One recognized weakness of molecular docking is the rigidity of the receptor during the calculations. Thus, conformational changes that arise as a consequence of the PLI are not taken into account, which may lead to inaccurate predictions.²⁹⁴ One way to overcome this limitation is to use ensemble-based docking, with experimental²⁹⁵ or MD-generated²⁹⁶ structures. The “Induced Fit Docking” approach²⁹⁷ can also be used for this purpose. Another docking issue is that there is no scoring function (SF) optimal for every system. This can be addressed by using a consensus method²⁹⁸ in which multiple SFs are used. The consensus method usually outperforms single-function approaches,²⁹⁹ although there are studies showing the opposite trend.^300,301 The performance of the consensus method is influenced by several factors, including the selection of the combined SFs,³⁰² which might lead to artificial enrichment and the consequent high success rates,^300,303 the ranking strategy,³⁰⁴ the number of tested datasets,³⁰⁵ and the score parametrization.³⁰⁶ More details on docking methodologies are discussed elsewhere.^307–309

MD can be used independently to assess PLI or to refine docking results. One drawback of MD studies is that they are highly computationally demanding. Thus, the advantage of MD as a post-docking approach is that it can only be used to refute or confirm promising candidates. If confirmed, MD can also provide deeper insights into its interaction with the protein and enhance the predictions' reliability. In addition to incorporating structural flexibility, MD-based calculations enable filtering unstable binding modes;³¹⁰ improving docking poses, binding affinities, and kinetics;³¹¹ and including the effects of water³¹² and ions³¹³ in the PLI. The interested reader is referred to a recent, thorough review on the use of molecular docking and MD to investigate PLI.³¹⁴

Despite their limitations, docking calculations have been successfully used to investigate the PLI in some AOX-related systems. Based on ΔG_bind values, it has been proposed that vanillin, and to a lesser extent vanillic acid, may offer protective effects against oxidative brain damage.³¹⁵ The calculated CAT affinities of these compounds were supported by in vivo experimental evidence. Eugenol, cyclohexane and caryophyllene were predicted to fix oxidative/antioxidative unbalances by downregulating MPO and upregulating SOD, CAT and GPx.³¹⁶ The corresponding ΔG_bind values were described as comparable to those of prednisolone, in agreement with the results from in vivo experiments. Mangiferine was found to bind strongly to CAT, which was confirmed by fluorescence spectroscopy.³¹⁷ The binding of benzothiazole analogs to the CAT catalytic site was estimated to be as strong as that of valproic acid,³¹⁸ a substance used to treat epilepsy. The computational results were supported by experiments showing that these compounds protect neuronal cells from OS-mediated damage, increasing their viability and enhancing CAT's activity during hydrogen peroxide (H₂O₂) exposures. The enzyme-mediated AOX of a thiazine–pyridine hybrid was modeled at SOD and CAT active sites. Based on the magnitude of the ΔG_bind, it was hypothesized that this compound may decrease OS by increasing SOD activity.³¹⁹ In addition to its FRS activity, the effects of tocotrienol in alleviating OS conditions were proposed to involve PLI with the antioxidant enzymes GR, CAT, SOD, GST, and GPx. These findings aligned with in vivo experiments.³²⁰ Quercetin's binding to CAT was described as strong, with higher affinity than ascorbic acid towards this enzyme.³²¹ The theoretical prediction was confirmed by the experimental observation that CAT activity increased in diabetic rats after quercetin consumption.
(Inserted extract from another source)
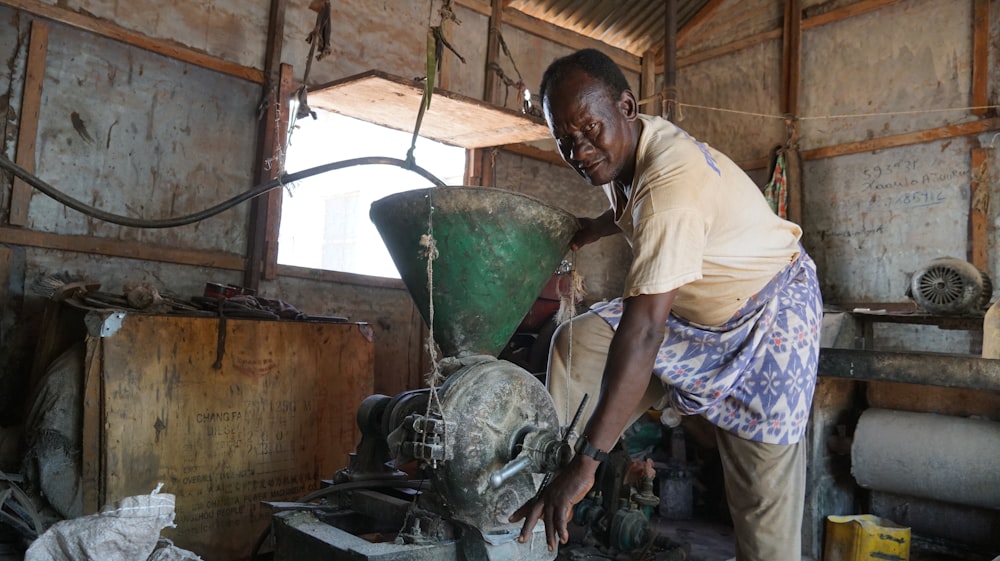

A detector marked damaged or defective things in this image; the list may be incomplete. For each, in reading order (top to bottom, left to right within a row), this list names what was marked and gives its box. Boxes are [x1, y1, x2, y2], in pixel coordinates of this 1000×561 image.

rusty milling machine [268, 187, 680, 560]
On the other hand, PLI involving antioxidant/oxidant enzymes can have the opposite effect. Dexamethasone was described to bind DNA, at the catalytic site in GPx-4, the FAD site in GR, the active site in SOD, and the NADPH residues in CAT.³²² Based on these results, it was hypothesized that dexamethasone may damage DNA indirectly by inhibiting the antioxidant defense system and increasing OS. This hypothesis aligns with the adverse effects of this glucocorticoid. The structural characterization of the PLI between resveratrol and CAT provided new insights into the AOX of this compound and was corroborated by a variety of experimental techniques.³²³

Regarding combined MD-docking strategies, two examples are discussed next. A series of oxycoumarin derivatives were investigated as potential antioxidants. In addition to their FRS activity, their effects on the antioxidant enzymatic system were also evaluated considering SOD, GST, and CAT.³²⁴ A docking study was conducted to characterize the binding mode of the compounds in the active site. Different non-bonded interactions were identified, including H-bonding, salt bridge, electrostatic, van der Waals, and hydrophobic interactions. Post-docking MD simulations were performed for the most promising candidate, including “molecular mechanics Poisson–Boltzmann surface area” and “generalized Born surface area” to obtain the solvent contributions to ΔG_bind. The theoretical predictions paralleled the in vivo results for lipid peroxidation in rats treated with H₂O₂.

The PLI of nine oligopeptides from bovine hemoglobin with the Keap1 (Kelch-like ECH-associated protein (1) receptor was investigated.³²⁵ The Keap1–Nrf2 (Nuclear factor erythroid 2-related factor (2) pathway plays a crucial role in controlling OS.³²⁶ Disruption of the Keap1–Nrf2 interaction by exogenous antioxidants regulates the expression of antioxidant enzymes, including CAT, SOD, and GPX.³²⁷ According to docking results, the investigated oligopeptides bind to the Keap1 pocket, mainly through H-bonding interactions.³²⁵ For the systems with the strongest PLI, MD calculations confirmed the docking predictions. It was proposed that these peptides are likely to bind to Keap1, preventing NrF2 interactions. Thus, they are expected to activate this transcription factor, promoting the subsequent increase in the expression of antioxidant genes.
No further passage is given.